In addition to the drawings and operations being deliberately hand-picked to demonstrate new features, no direct comparison is performed at all between the two releases on the same platforms. Every single quoted “productivity improvement” figure includes, free of charge, three years of hardware and operating system progress and a more upmarket graphics card.
If you read business “news” sources that just reprint press releases, such as this Yahoo! Finance one (thanks, Carol Bartz), you won’t see this mentioned. Instead, you will see deceptive statements like these:
David S. Cohn, an independent consultant
Er, no, in this context he’s not independent, he’s an Autodesk consultant.
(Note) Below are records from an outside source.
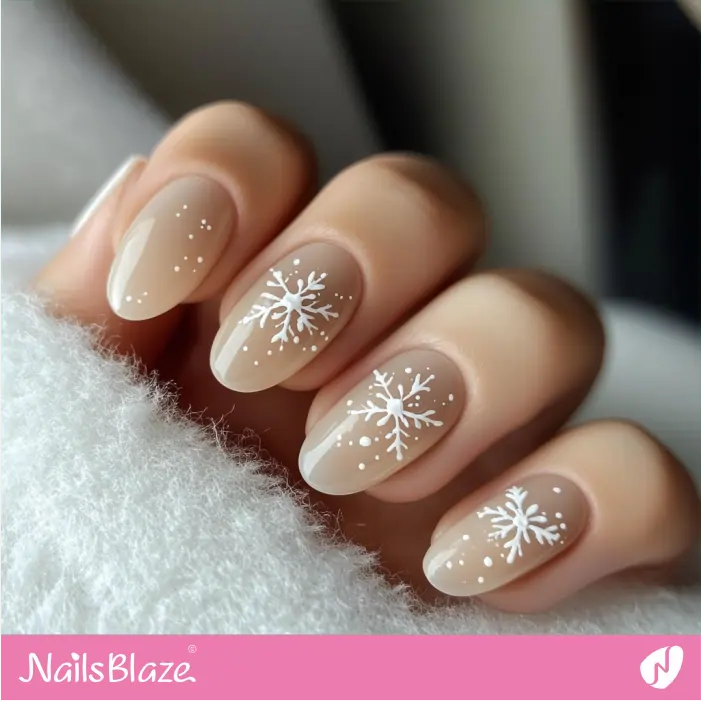 Delicate Snowflake Design for Winter | Nora Customized Nail Designs- NB7338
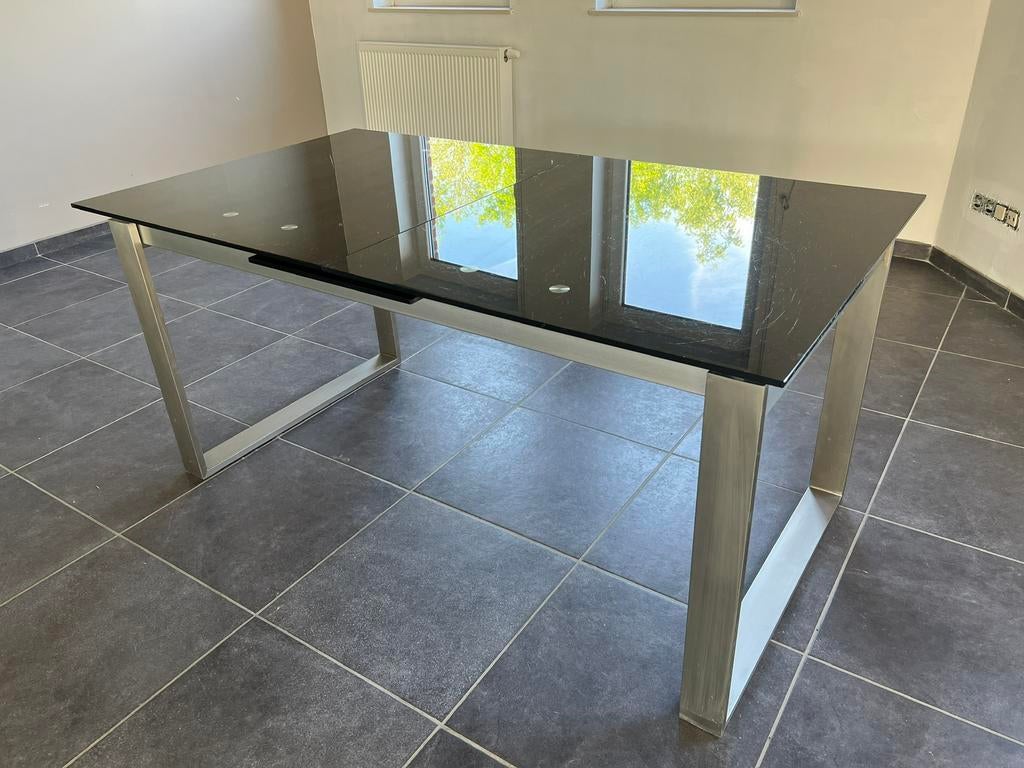 Table en verre opaque et metal, 150 à 200 cm, Verre, Enlèvement, Utilisé
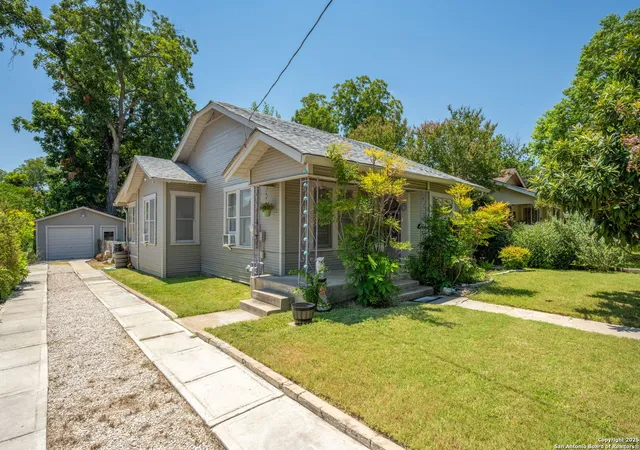 1st image of 2022 Sacramento, San Antonio, TX 78201 | MLS# 1892743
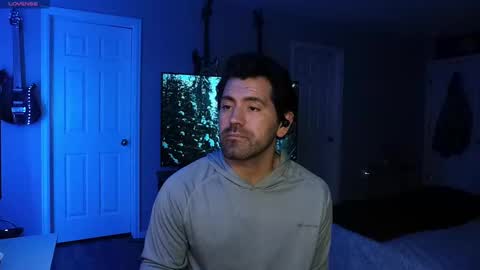 Snapshot of icy_ivy chatting on September 18, 3:32 am Ivan online show from September 18, 3:32 am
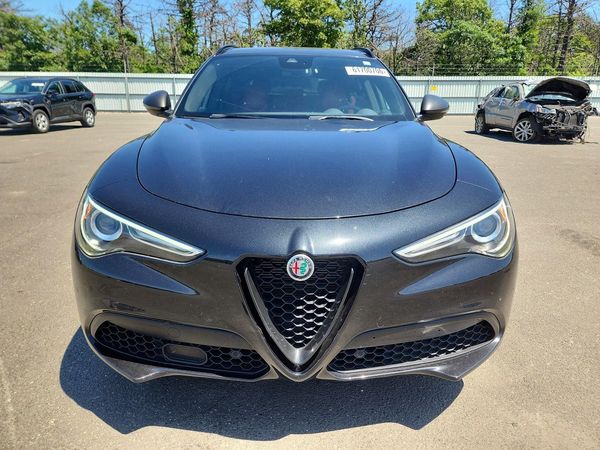 2019 ALFA ROMEO STELVIO
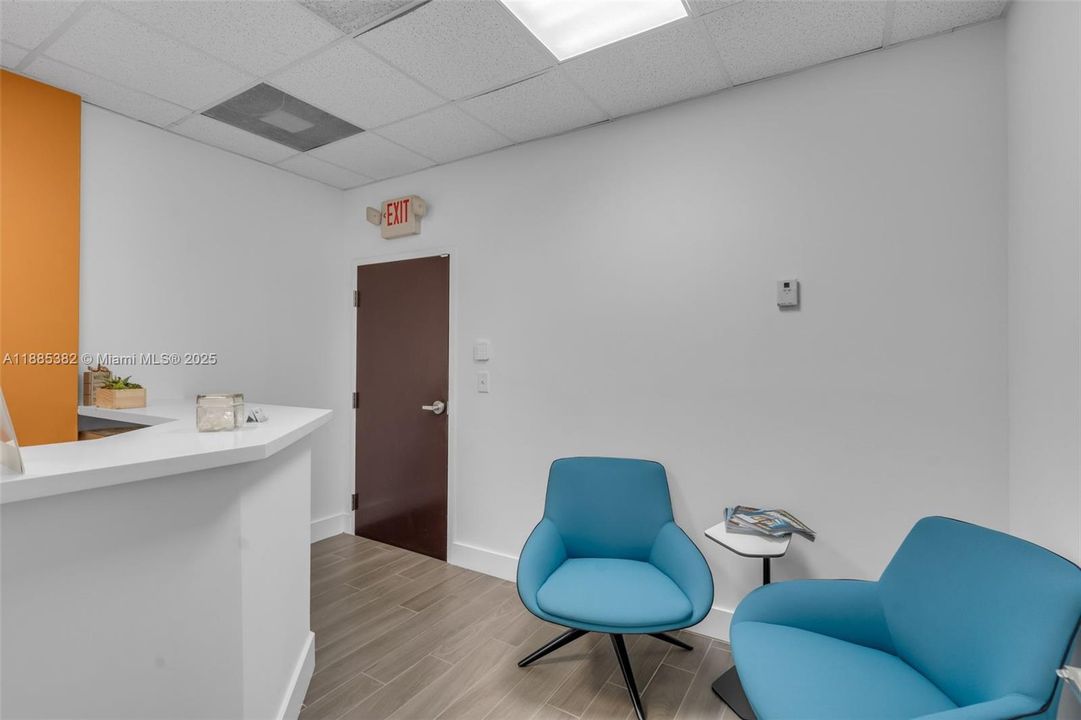 最近售出: $300,000 (0 贝兹, 0 浴室, 0 平方英尺)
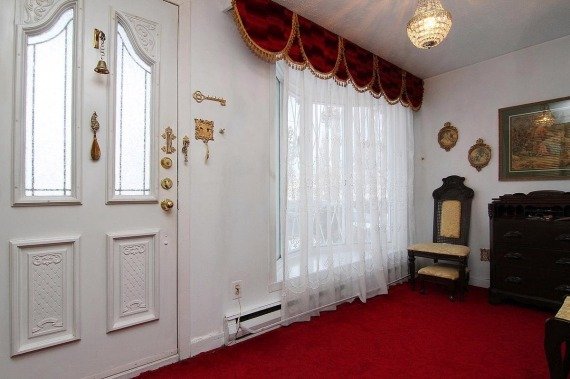 Αυτό το απλό σπίτι στο Κεμπέκ, στο εσωτερικό του θυμίζει Βερσαλλίες [εικόνες] | iefimerida.gr 1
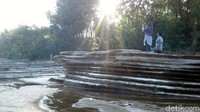  Liburan ke Purworejo, mampir ke Sungai Bogowonto sepertinya seru juga. Cobain deh! (Rinto/detikTravel)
Not that there’s anything wrong with that.
overall productivity gains of 44 percent for users moving from AutoCAD LT 2008 or earlier versions to AutoCAD LT 2011
…as long as you only ever perform certain carefully selected operations and upgrade your hardware and operating system. Like the other study, the 44% figure is totally meaningless and quoting it without qualification is downright deceptive.
Most users will be able to get more work done faster by upgrading to AutoCAD LT 2011
This statement is totally unsupported. There is no analysis of what “most users” do with the software, and no attempt to quantify the portion of time such users spend on these hand-picked operations. Neither is there any analysis performed on more common operations to see if the new releases introduced any detriment to productivity in those areas.
Improvements to the graphical user interface deliver a 43 percent productivity increase.
If that’s true, why do so many users of 2009 to 2011 immediately turn off the new user interface? Are they all stupid Luddites who have a burning desire to work much less efficiently? This study, like its non-LT counterpart, contains many unqualified statements about the Ribbon improving productivity and providing other benefits. I’d really like to see a proper independent study done into that.
To sum up, Autodesk is quite prepared to say misleading stuff about its products that will be regurgitated unquestioningly by those who don’t know any better, in the hope that it will be believed by those who do, and not exposed by those who care. But it’s not prepared to answer straightforward legitimate questions about its business, offering a pile of spin instead. This, supposedly because “management in publicly trade companies are forbidden by US laws and accounting regulations to discuss some topics”.
I think I’ll borrow a phrase from Deelip here, as it seems appropriate.
Bottom line. This is bullshit.
It just so happens that right now I’m in a no-bullshit mood. I’ve been exposed to more than enough of it lately. Unfortunate timing, Autodesk.
I know this sort of marketing device is nothing new, and maybe that’s the point. This kind of thing is so 20th century. In the good old days, negative commentary about stuff like this would be seen by few, and largely confined to company-controlled environments and one-way media such as printed magazines. Things aren’t like that any more. This sort of nonsense is being increasingly noticed, criticised and derided in blogs and social media. I have hope that the point will soon come when companies’ PR consultants work out that the negatives of spewing bullshit outweigh the positives. When that point is reached, the bullshit will stop. And won’t that be great?